- **Work order**
Everything from the line containing "Mocha Check Harvest Garland" through the last line of the entries needs to be repeated exactly. Pictures must be left out.

[[ Data extracts, beginning ]]

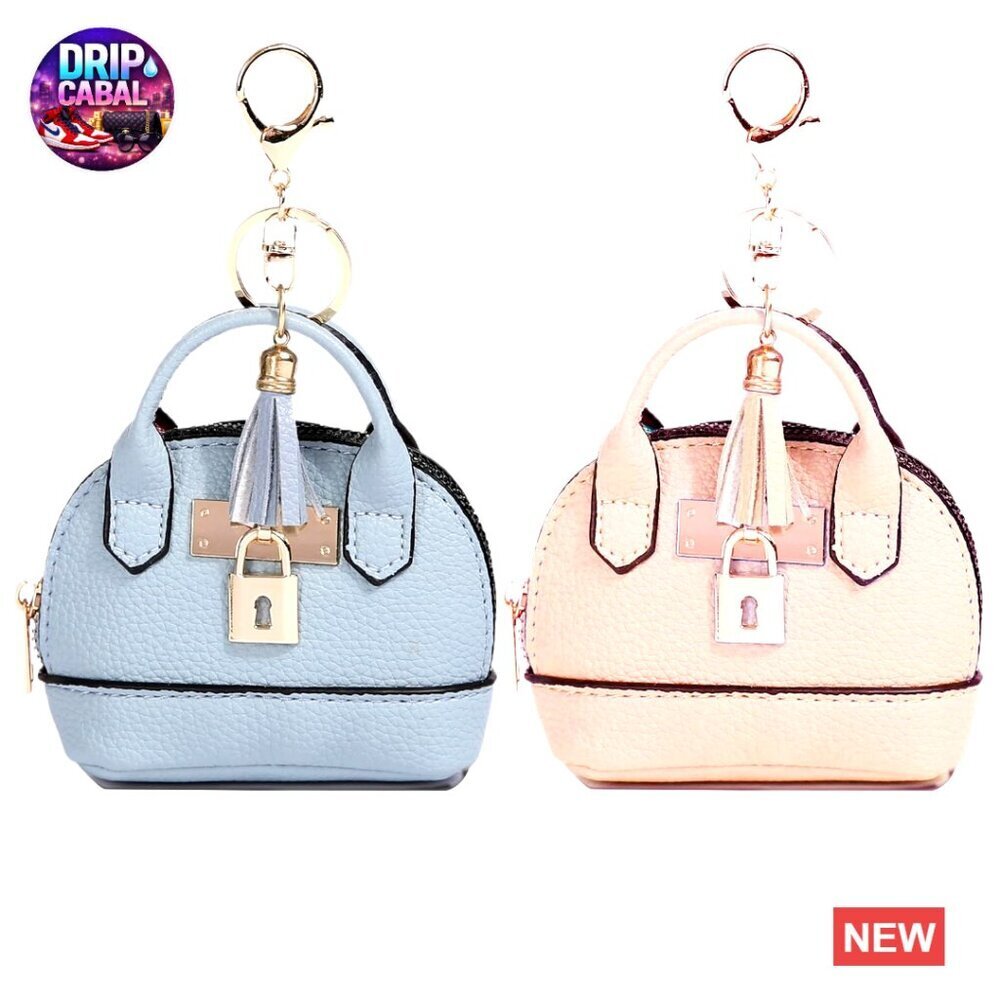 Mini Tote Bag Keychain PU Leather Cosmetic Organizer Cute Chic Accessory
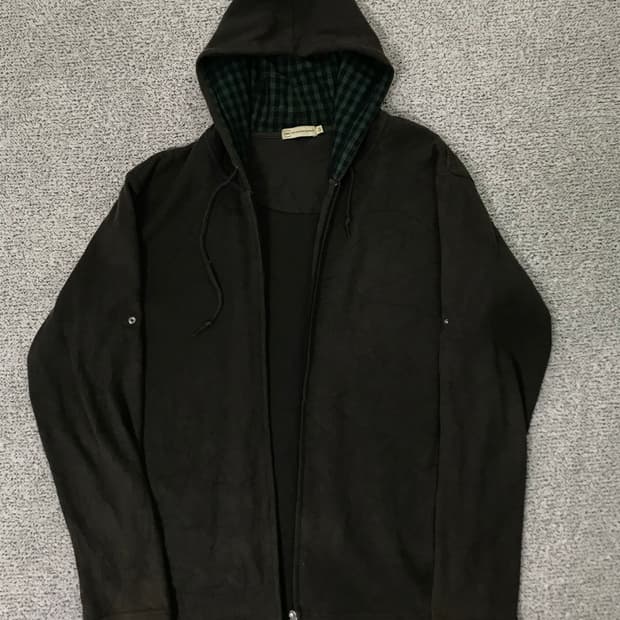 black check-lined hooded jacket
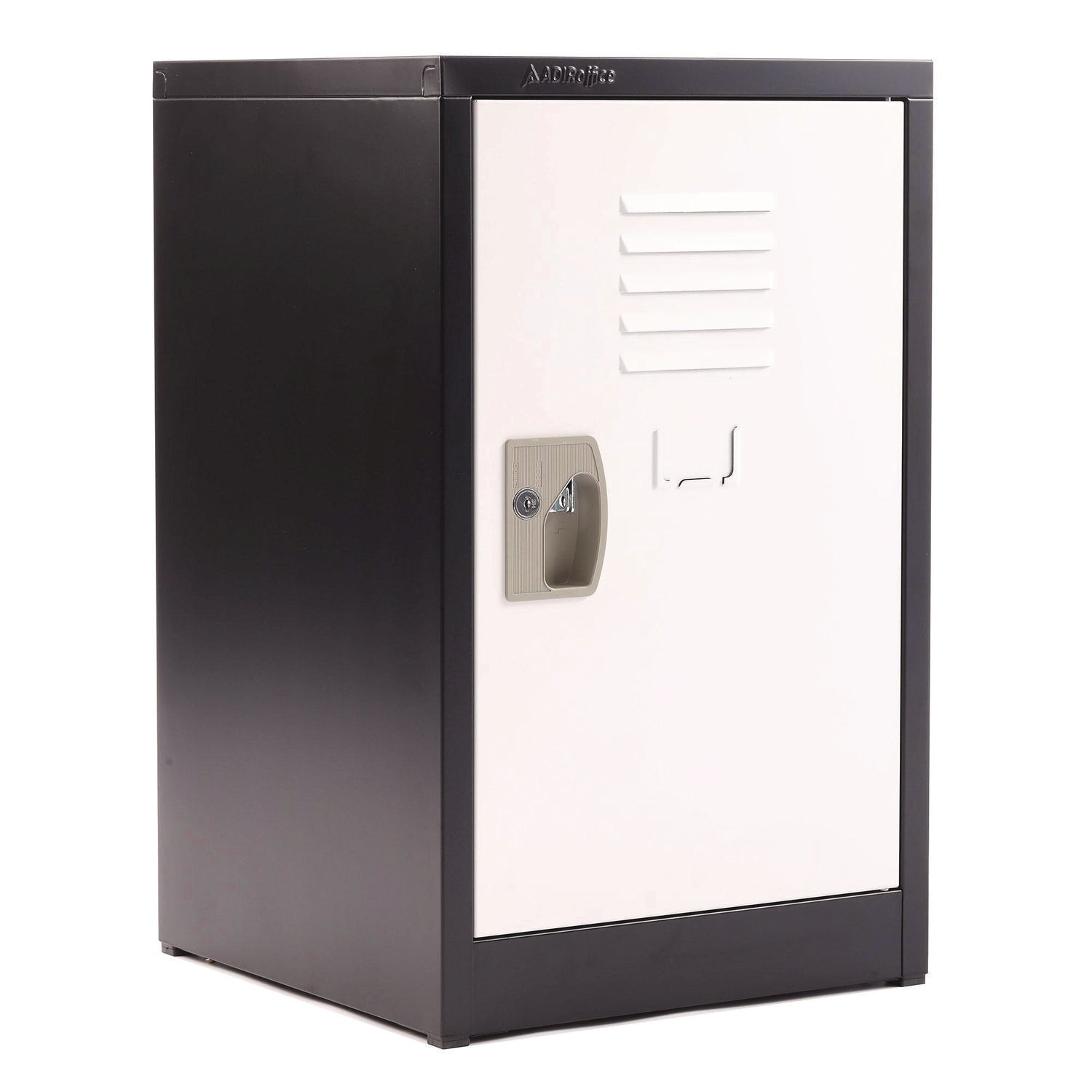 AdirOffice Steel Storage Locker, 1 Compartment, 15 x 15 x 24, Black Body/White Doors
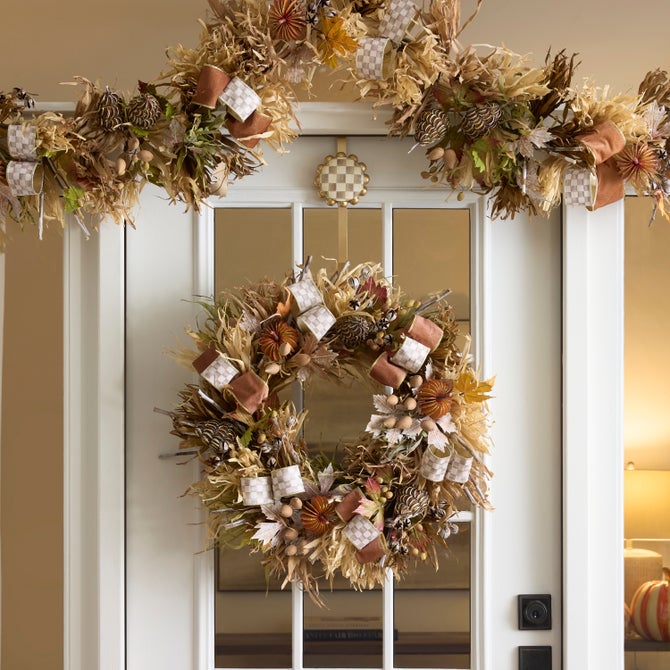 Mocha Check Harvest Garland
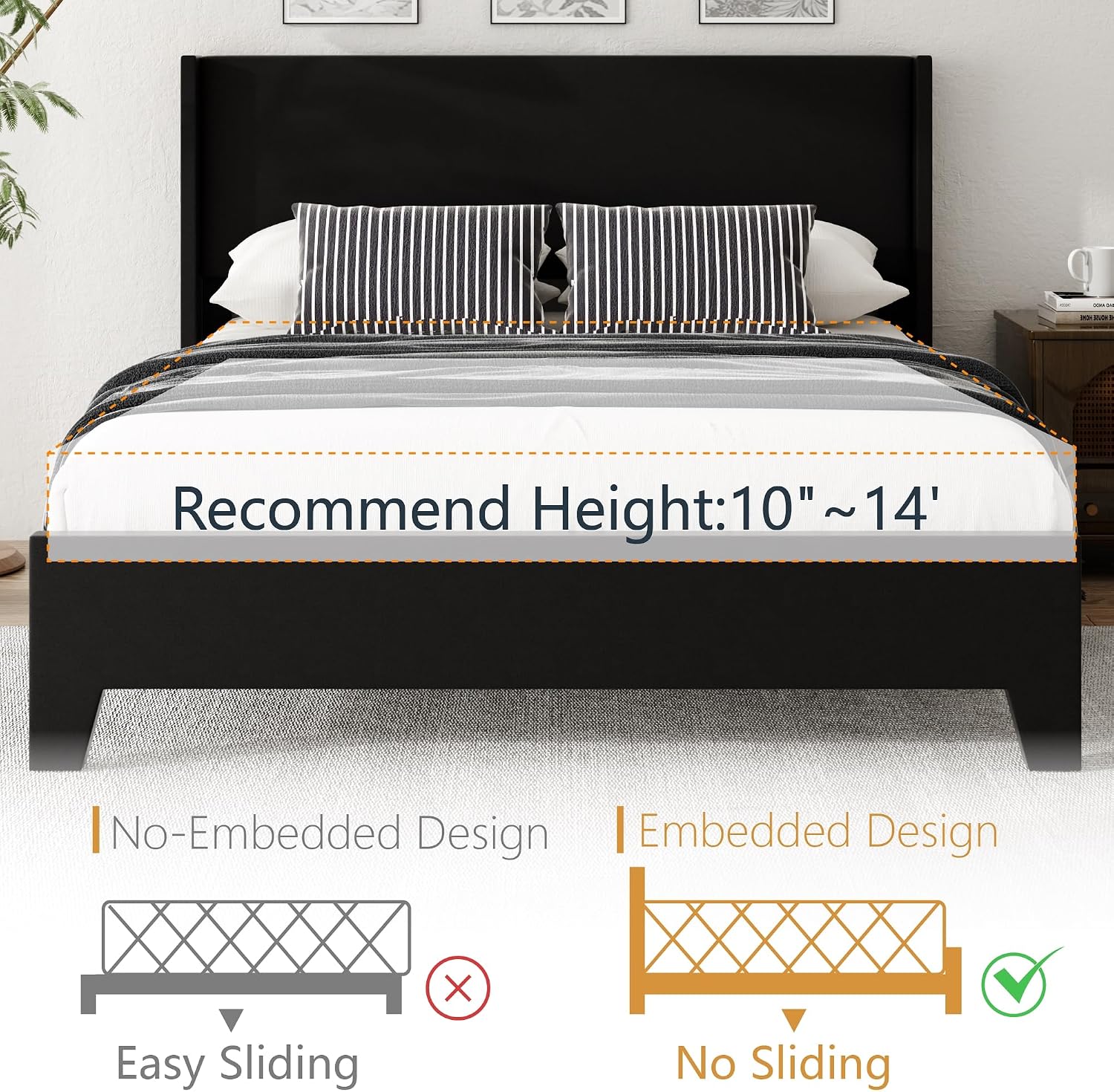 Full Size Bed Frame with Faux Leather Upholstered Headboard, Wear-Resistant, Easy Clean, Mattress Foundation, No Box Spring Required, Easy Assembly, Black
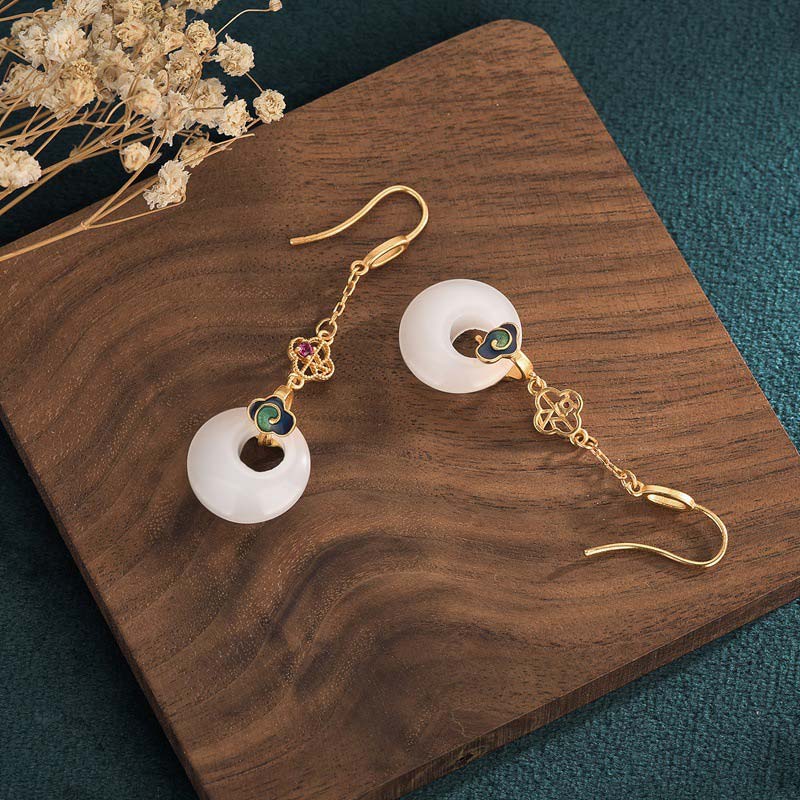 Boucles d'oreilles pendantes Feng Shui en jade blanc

[[ Data extracts, end ]]

- **Solution**
 Mocha Check Harvest Garland
 Full Size Bed Frame with Faux Leather Upholstered Headboard, Wear-Resistant, Easy Clean, Mattress Foundation, No Box Spring Required, Easy Assembly, Black
 Boucles d'oreilles pendantes Feng Shui en jade blanc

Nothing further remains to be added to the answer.